So far the Hourglass Immaculate Foundation in Warm Beige is the closest I've come to a true "shade match." It photographs beautifully. 
	

	
	
		
		

		
			





  NW35 is still the closest match that MAC has for my skintone *sigh*.


----------



## Niro77 (Dec 16, 2013)

Can someone advice if they know where I could purchase Armani LSF in the colour 9.5? I have tried 9 and it's light on me and 10 is too dark and red on me. Would appreciate any help. Thanks


----------



## kyd33 (Dec 17, 2013)

I'm pretty sure they stopped making 9.5 shade.


----------



## DiidiA (Dec 28, 2013)

Hey Guys HELP!!!

  I am an NC50 with strong yellow undertones,  I was wondering what Nars Sheer glow and sheer matte I should get? HELP! HELP! HELP


----------



## 1drfullycr8ed (Dec 28, 2013)

DiidiA said:


> Hey Guys HELP!!!
> 
> I am an NC50 with strong yellow undertones,  I was wondering what Nars Sheer glow and sheer matte I should get? HELP! HELP! HELP


  Hi!  Check out the NC50 thread.  www.specktra.net/182745/the-nc50-thread


----------



## charaze (Dec 28, 2013)

Hello! I only tried one foundation which is Revlon Nearly Naked in Medium Beige. Also, I came across this website called Findation which suggests the foundations based on the ones that you've tried already BUT I couldn't find Benefit's Hello Flawless Oxygen Wow.

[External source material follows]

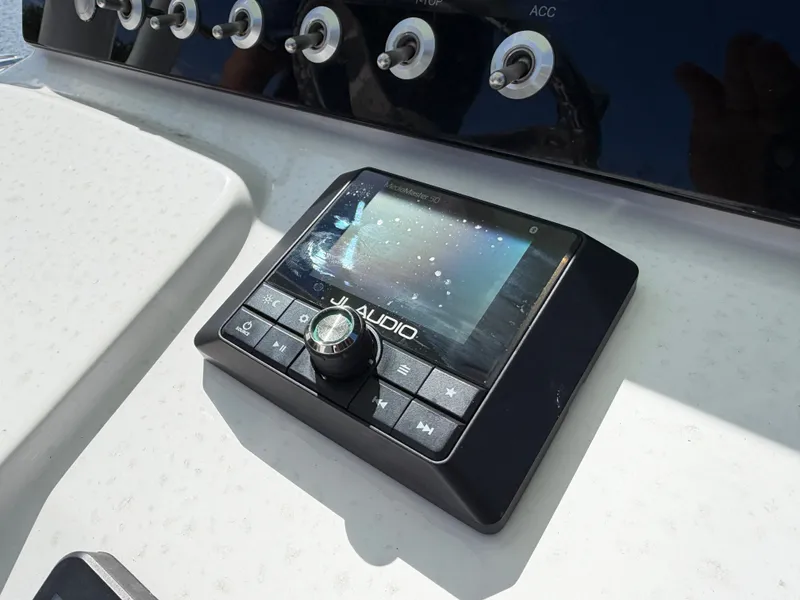 Slide: The Image of Sportsman Heritage 231 Center Console 2021 - 18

  Can anyone help me? Here are my shades in Findation:

  1. Revlon Nearly Naked Medium Beige
2. L'oreal Paris Lumi Magique W5 Gold Sand

  I need to know what shade I should buy for Benefit Hello Flawless Oxygen Wow. Thanks!


----------



## DiidiA (Dec 29, 2013)

Heya,

  So did Macao work for your NC50 skintone, been trying to figure out what to get, leaning towards Macao or New Guinea.


----------



## kyd33 (Dec 29, 2013)

You have great skin. Don't need foundation.  Using foundation unnecessarily is waste of money and it can be aging.


----------



## sagehen (Dec 29, 2013)

kyd33 said:


> You have great skin. Don't need foundation.  Using foundation unnecessarily is waste of money and it can be aging.

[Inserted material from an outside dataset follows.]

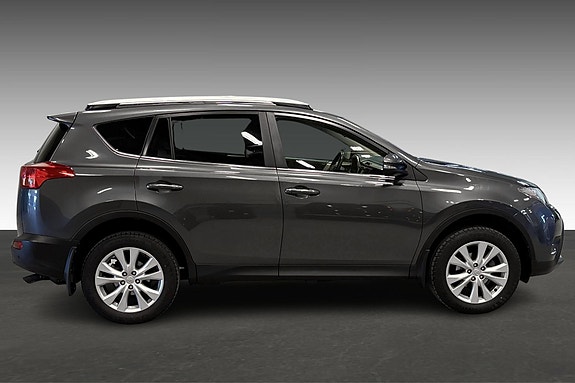 Toyota RAV4 4 of 18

  That is her choice, and applied correctly, not at all aging.


----------



## MzBrownBeauty (Dec 29, 2013)

sagehen said:


> That is her choice, and applied correctly, not at all aging.

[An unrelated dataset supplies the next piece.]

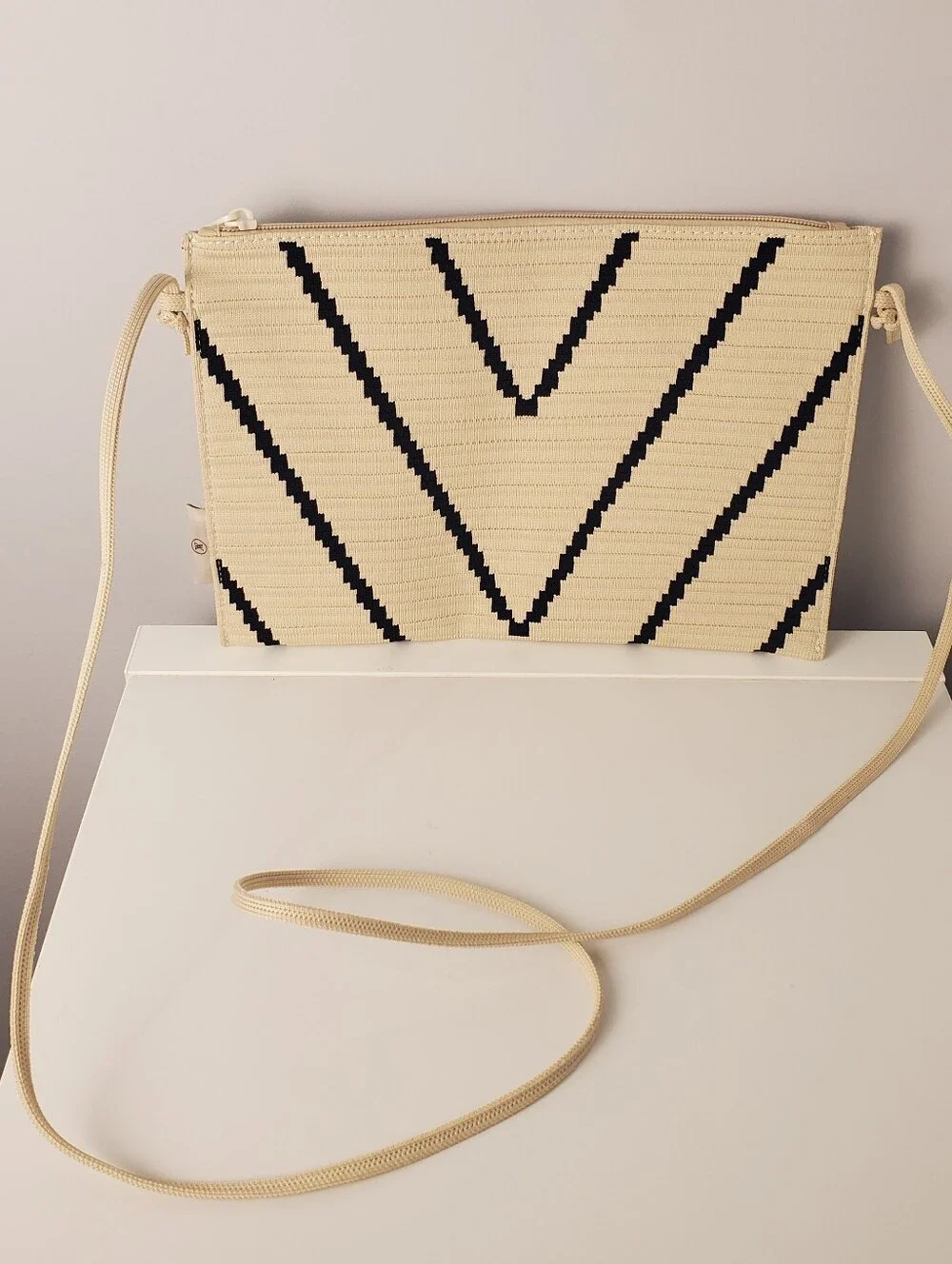 VIVAIA The Envelope Crossbody (Lucy)  Color: ivory chevron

  Thank you!!! People amaze me by giving backhanded compliments.


----------



## User38 (Dec 29, 2013)

lol

  I will drop dead before I give up my foundation -- don't care if it ages me


----------



## Trigger (Dec 29, 2013)

HerGreyness said:


> lol  I will drop dead before I give up my foundation -- don't care if it ages meompom:


Me too honey. I don't care how bad my skin gets.


----------



## FULTONHOWARD202 (Jan 28, 2014)

TRY NW43


----------



## kittkat (Jan 28, 2014)

actually not all foundations are aging only the wrong foundation can age your skin and cause all sorts of problems.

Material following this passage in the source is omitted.